I am aware that I look him in the eyes - a place where there is no scarring, a place to test his response. His doesn't look alcoholic or drug addled; he doesn't look wild-eyed.

He left and walked in the back door of the restaurant as if he did this every day.
I thought: why me? why do I always attract the crazies? How is it that he decided to talk to me?

Then I felt ashamed. His scars were scary looking. What if people ignored him or worse? What if this were me?

As an after thought, I wished I would have offered him the sandwich. But then, I realized that he never asked for it. Perhaps his dignity was left intact with that quick, simple interaction before I could do any harm.

Maybe, I was presented with another teacher on my path that I didn't recognize in the moment.

Monday, March 22, 2010

Daylight Savings Time and the Happy Accident

Sometimes there are happy accidents. Last week was one of those times.

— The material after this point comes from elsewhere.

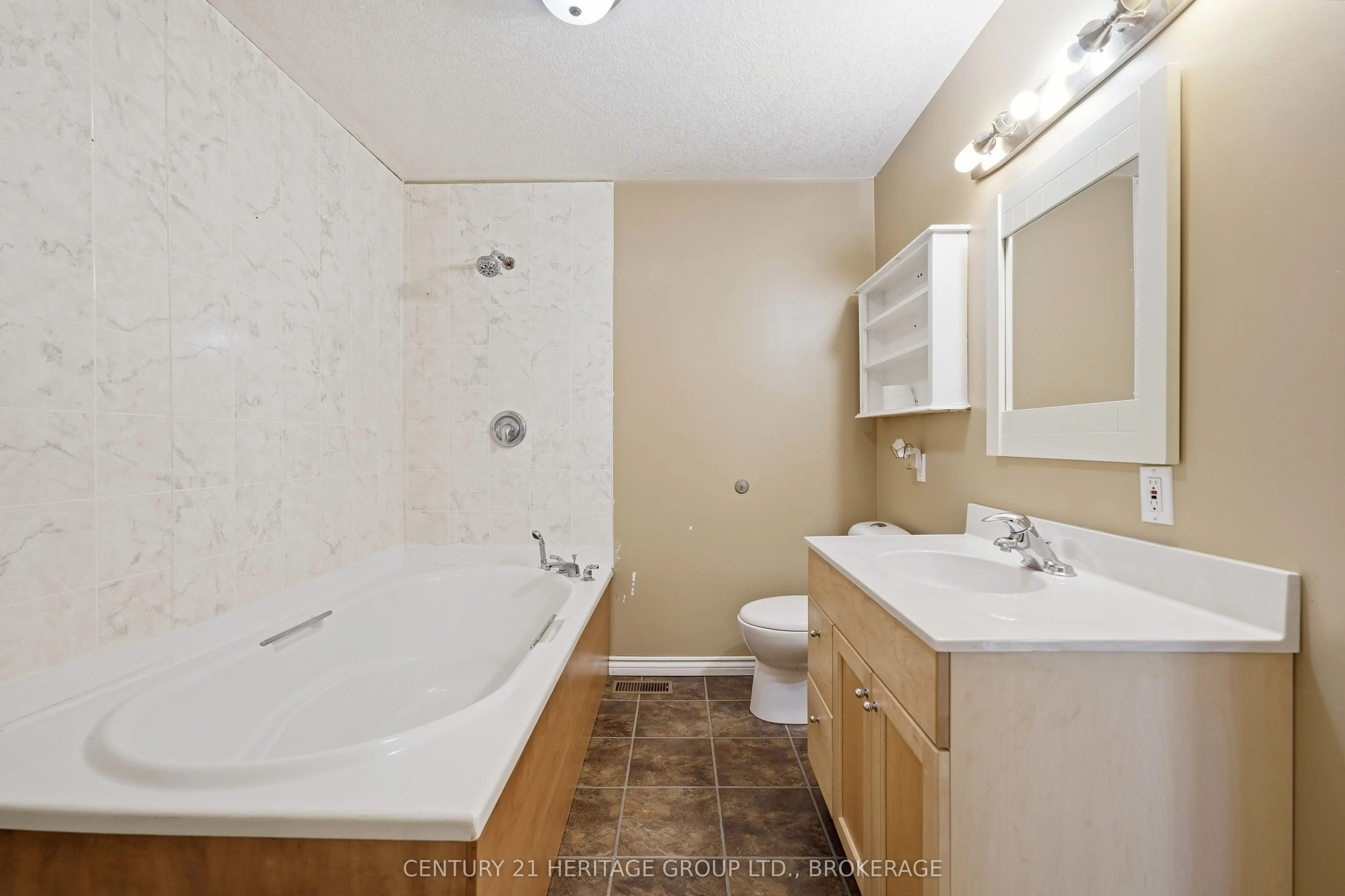 278 Lester Road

My partner and I took a vacation last week - the first real vacation in years that didn't center around a family activity. This was a chance to move outside of the usual circles in life. There was no agenda except to enjoy the coast and head south.

It seemed that grey weather followed us. No sunburns. No glare from the sun either while driving. Spring was still barely emerging from a very hard winter.

This year, spring forward happened over our vacation weekend. Our elected officials seem bent on using Daylight Savings Time throughout more and more of the year. It seems so early to go to DST in mid-March! We had a very gentle adjustment as we slept in to accomodate to the time change.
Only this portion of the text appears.